We need to prevent people from becoming terrorists and supporting terrorists in the first place.” “That means challenging the sort of ideology that supports terrorism, it means working in our communities to make sure that those mainstream voices are stronger, it means identifying people who might be at risk of being drawn into terrorism and violent extremism.” The Home Secretary said police officers could help with this sort of preventive work, in partnership with other groups.
“That is why we are investing in police officers to pursue and to disrupt terrorist plots but also to prevent people turning to terrorism in the first place,” she added.
In a speech later today, Smith is expected to say “We recognise that we can neither arrest our way out of the problems we face nor protect ourselves to the point where the threat disappears.” “We need to dissuade that very small minority of people who wish to harm our communities from becoming or supporting terrorists. That is the long-term challenge,” according to extracts of her remarks released officially here.
She was adding “I believe the resources allocated now to preventing terrorism work will enable us to develop a new kind of counter-terrorist policing, building upon and alongside your existing work.” The move comes amid debate over controversial plans to extend the time limit for holding terror suspects without charge to 42 days.

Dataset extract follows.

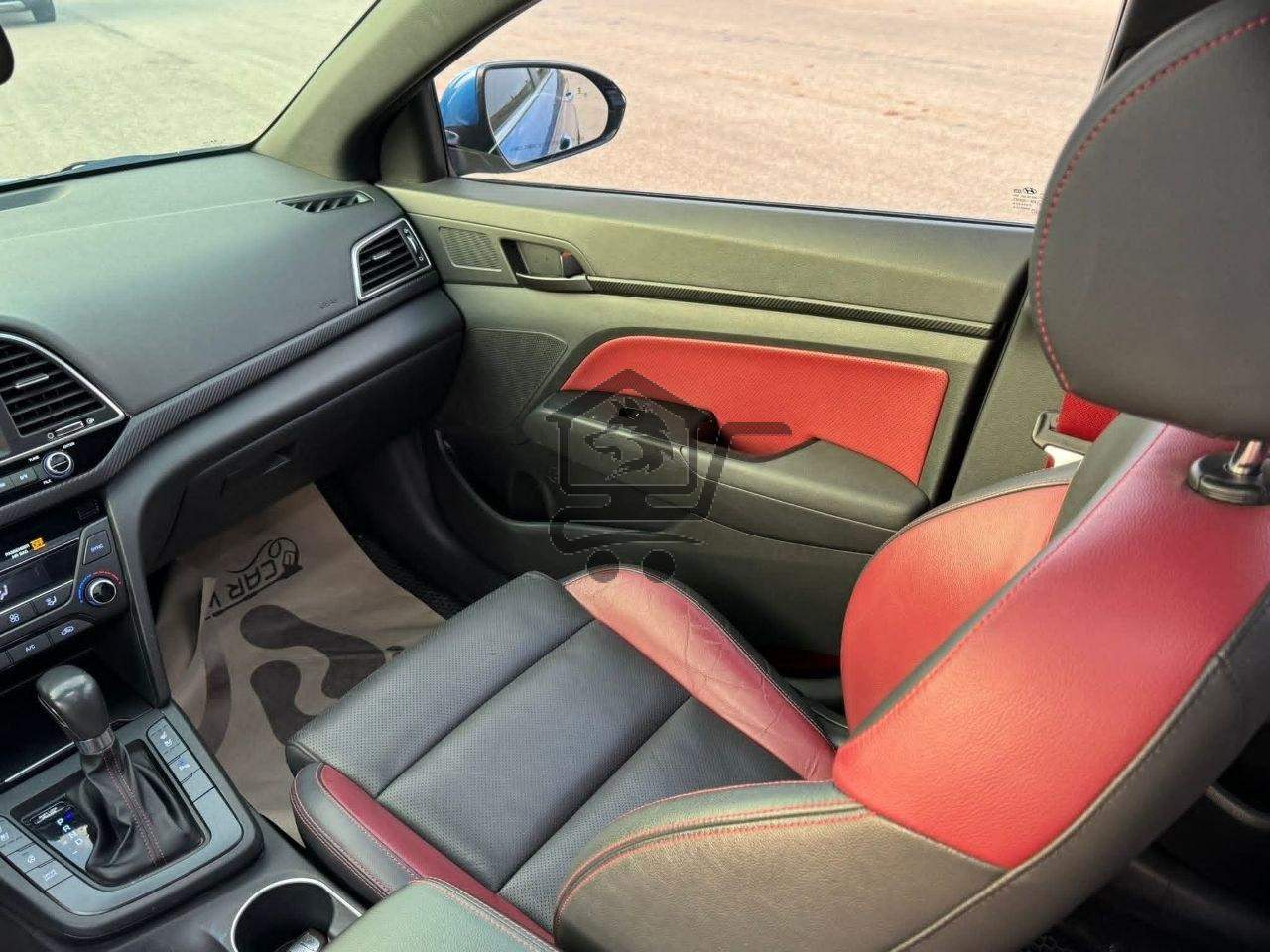 Hyundai Avanti Sport 2017 - الصورة 8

Under the proposals, the Home Secretary would be able to immediately extend the limit to 42 days if a joint report by a Chief Constable of Police and the Director of Public Prosecutions backed the move.
The House of Commons and the House of Lords would have to approve the extension within 30 days and, if either House voted against it, the power would come to an end at midnight on the day of the debate.

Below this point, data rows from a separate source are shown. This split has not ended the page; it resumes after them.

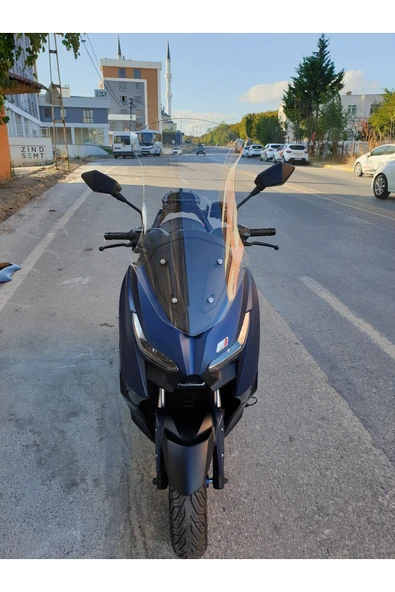 MOTOCAM Arora Max PRO Siperlik Ön Cam 2023-2025 Model 65cm Şeffaf Renkli 4mm ORTA BOYLU CAM ürün görseli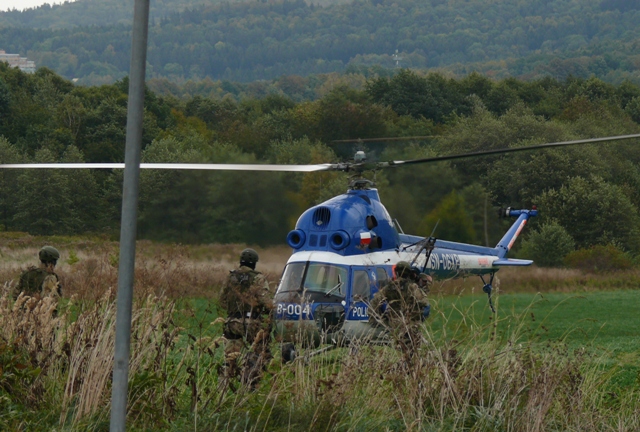 l) a začíná poslední etapa cvičení - pátrání po posledním nebezpečném pachateli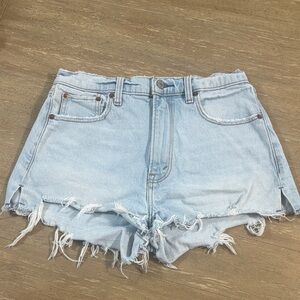 Abercrombie & Fitch Light Wash- The mom short high rise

Last weekend, Smith warned critics of the plans that as many as 30 active plots against the UK were now being probed.
Asked on BBC TV about the plans, she said, “Senior police officers have told me that they are concerned that in the future, given the complexity and the nature of the threats that we face, they might need longer than 28 days in order to fully investigate and bring somebody to charge.” “What we are doing is putting forward a reserve power which, if we need it in the future, is there to make sure that we can fully investigate and bring to justice those people who are plotting now to carry out serious terrorist threats against this country,” the Home Secretary concluded.